Bioinformatic data processing began with checking the quality of the raw readings. The quality assessment was performed using the FastQC program (v. 0.11.9 Andrews, 2010). Adapters from the sequence were cut using the following parameters: HEADCROP:20, CROP:221, LEADING:3, TRAILING:3/SLIDING WINDOW:5:10, AVGQUAL:20, MINLEN:221 (Chen et al., 2018). The length of the nucleotide sequences was 221 nucleotides. The data was then analyzed using the DADA2 algorithm (v. 1.26.0) in R (version 4.2.1). The reads were filtered, paired, chimeras were removed, and then a search was performed on the Silva database (for 16S - silva_nr99_v138.1_train_set, for 18S -SILVA_132_SSURef_tax_silva version).

Phylogenetic analysis

Phylogenetic analysis was conducted using MEGA X (Kumar et al., 2018). Nucleotide sequences were aligned with those displaying the highest similarity available in the NCBI database, utilizing the ClustalW algorithm with default parameters. Quality control check of the sequences was performed using UGENE (v. 39.0) (Okonechnikov et al., 2012). Sequences were aligned with the MUSCLE tool implemented in UGENE (v. 39.0) with default parameters. Pairwise distances were calculated using MEGA X with 100 bootstrap replications, uniform rates among sites, transitions and transversions were included, also we chose pairwise deletion for missing data (gaps).
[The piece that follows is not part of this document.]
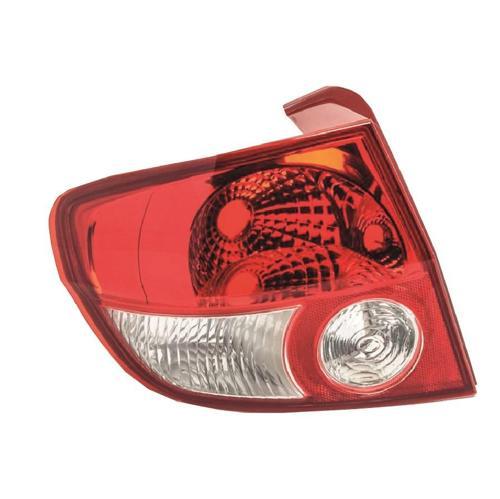 Hyundai Getz Sol Stop Lambası 2002-2005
The best model for phylogenetic analysis of Russian T. magnatum was K2 (Kimura2-parameter model) according to Bayesian information criterion (BIC) and was obtained by the Model Selection tool implemented in MEGA X with default parameters. Phylogenetic reconstruction was performed using the maximum likelihood method with 100 bootstrap replications in MEGA X. Visualization was performed with iTOL (Letunic & Bork, 2021). The best model for phylogenetic analysis of Russian T. macrosporum was T92+G according to BIC and was obtained by the Model Selection tool implemented in MEGA X with default parameters. Phylogenetic reconstruction was performed using the maximum likelihood method with 100 bootstrap replications in MEGA X. Visualization was performed with iTOL.

Statistics

Metabarcoding analysis was performed on three ascomata of T. macrosporum and four ascomata of T. magnatum. The reliability of the data was assessed using the Mann–Whitney U test. Statistical analysis was conducted using the software Past 4.10 (Natural History Museum, Oslo, Norway). Graphical representations were generated based on mean values ± standard deviations throughout the study.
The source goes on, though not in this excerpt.